Alanzo Seville, mortgage adviser at Capricorn Financial Consultancy, runs through the Budget from a mortgage adviser’s view.

After recent sweeping changes to stamp duty rates, the tax treatment of buy-to-let properties and the imminent changes to the stamp duty for second homes and buy-to-let properties today’s Budget did not contain too many surprises for the housing and mortgage market.

The introduction of the Lifetime ISA with effect from April 2017 is a measure aimed at a mixture of long-term saving and saving for a property.

It can be used in conjunction with the other recent addition to the ISA range, the Help to Buy ISA. There is a maximum purchase price that will apply for properties that are purchased using the Lifetime ISA which is £450,000.
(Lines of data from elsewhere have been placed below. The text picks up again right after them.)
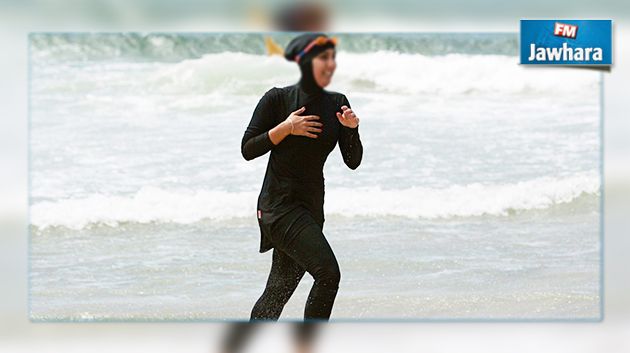 Manuel Valls soutient les maires ayant interdit le burkini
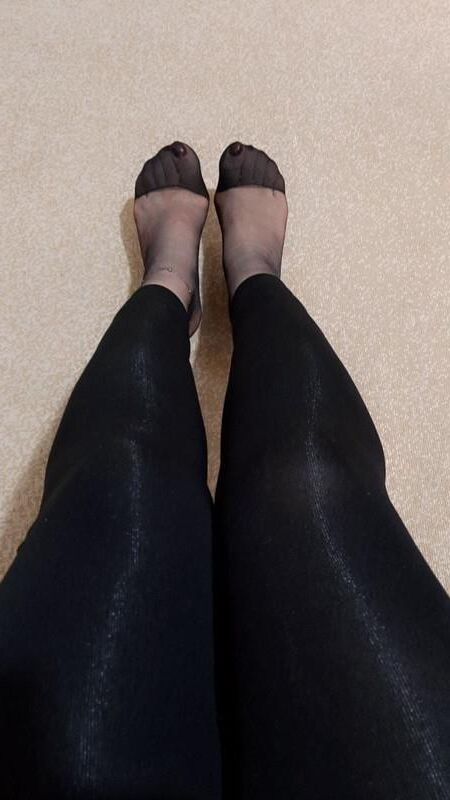 iranian nyloned feet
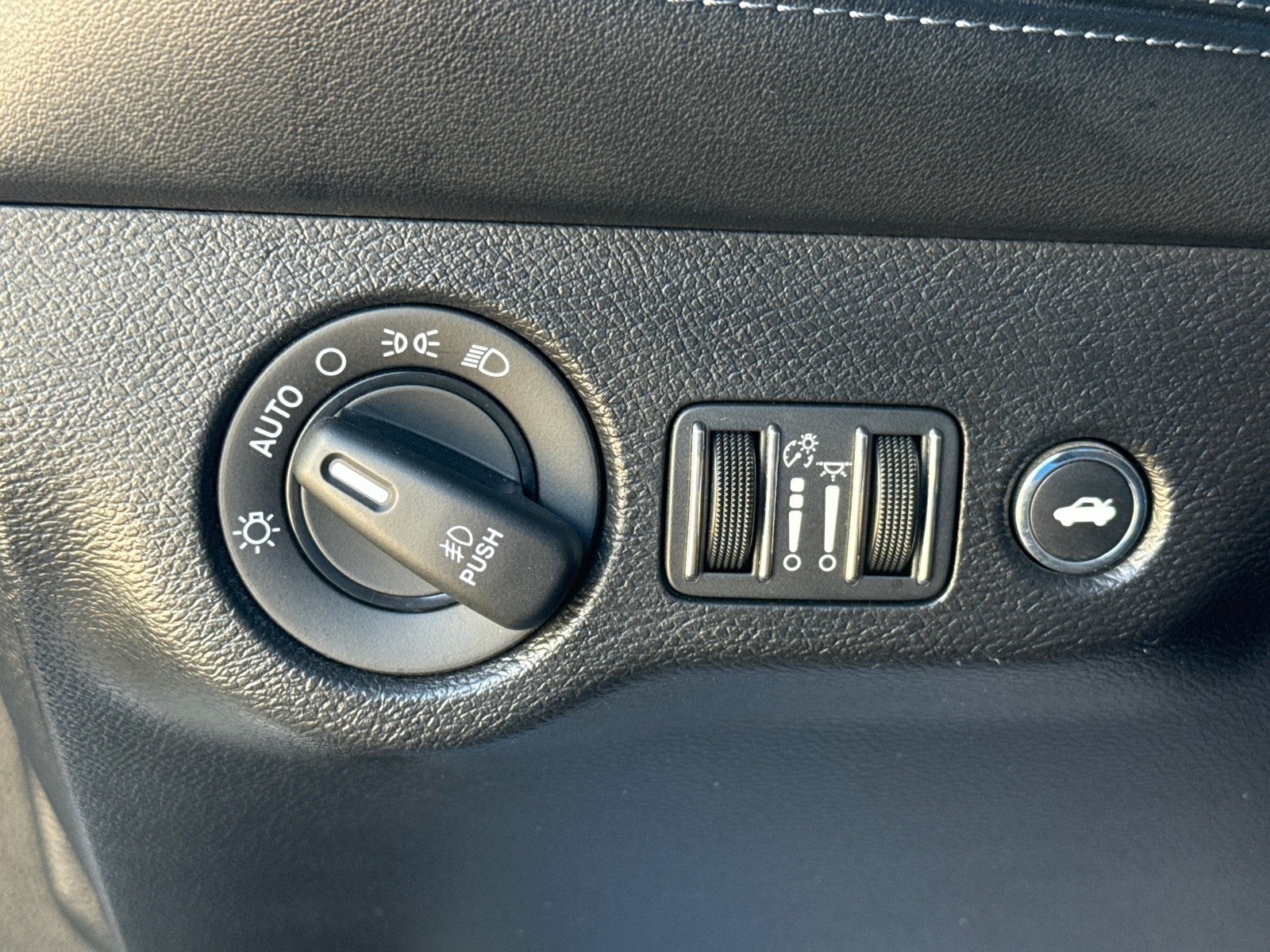 2021 Dodge Challenger R/T RWD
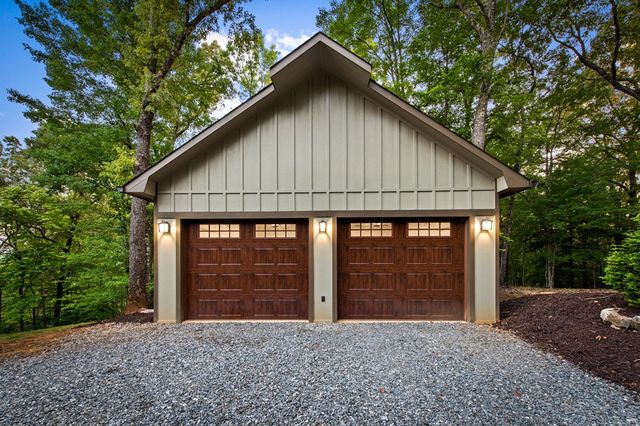 241 Wolf Creek Mountain Road, Mineral Bluff, GA 30559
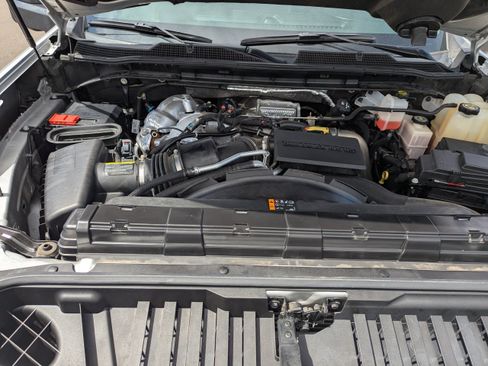 Used 2022 Chevrolet Silverado 3500 LTZ AWD/4WD image 52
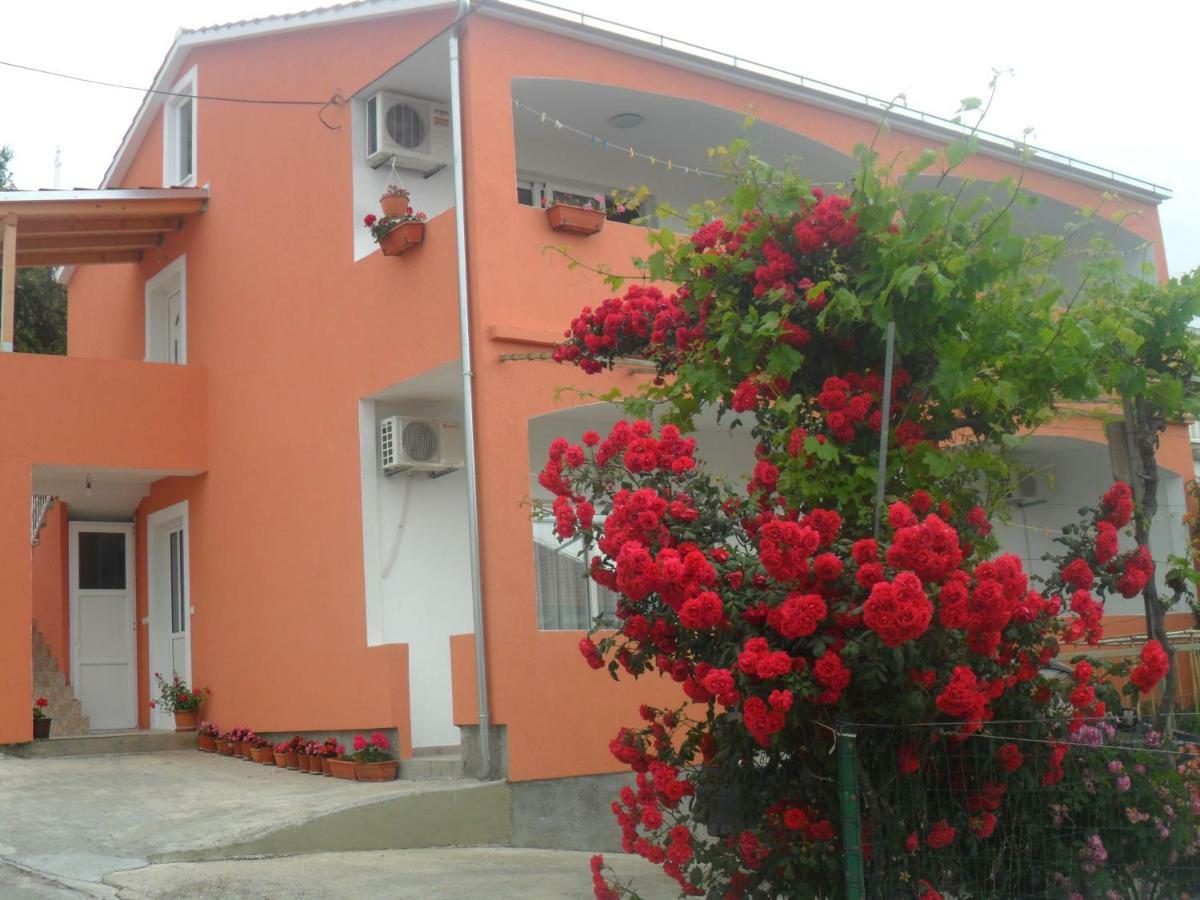 Apartments Valjan Trogir Exterior foto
ISAs are one of the few financial products which seem to have caught the public’s attention, so this hybrid version should be warmly received by perspective home-owners. Even though the maximum yearly contribution is £4,000 with an annual government bonus of £1,000.

On the housebuilding front there was some minor tweaks to schemes which had been previously announced, by bringing forward of 13,000 new affordable houses and promising to deliver 30,000 starter homes on previous brownfield land.

This does not go far enough to solve the housing affordability issue, especially for would be purchasers in the South East.

A side-line about reviewing the “housing transaction process” sounds intriguing. We all know that failed transactions waste money and money so any sensible changes to this process should be welcomed.

A change in the planning system could prompt local authorities to increase the speed at which new sites are approved but that is only part of the problem and needs to translate into sites being started (and finished on time) to deal with the current shortfall in required new homes.

Confirmation that anyone purchasing a new residential property whilst owning their current property will now have a 36 month window before the higher rates of stamp duty are applied is a step in the right direction.

Speaking of stamp duty it seems that the Chancellor could not resist changing the stamp duty rates again but this time his attention was focused on the commercial property sector.

The new stepped rates should help smaller business to purchase property as the amount of stamp duty due will either be frozen or reduced.

A tax break of £1,000 for property income looks to be more of a gimmick and it is doubtful if it will encourage people to rent out their rooms whilst they are on holiday.

The reduction in capital gains tax will be welcomed in some quarters but residential property will be exempt from the reduction, so no giveaway there.

The restructure of the Money Advice Service is a backward step. MAS was certainly not a favourite of many advisers but any service which is aimed at increasing financial literacy has to be supported.

After all, there is only so much advisers can do.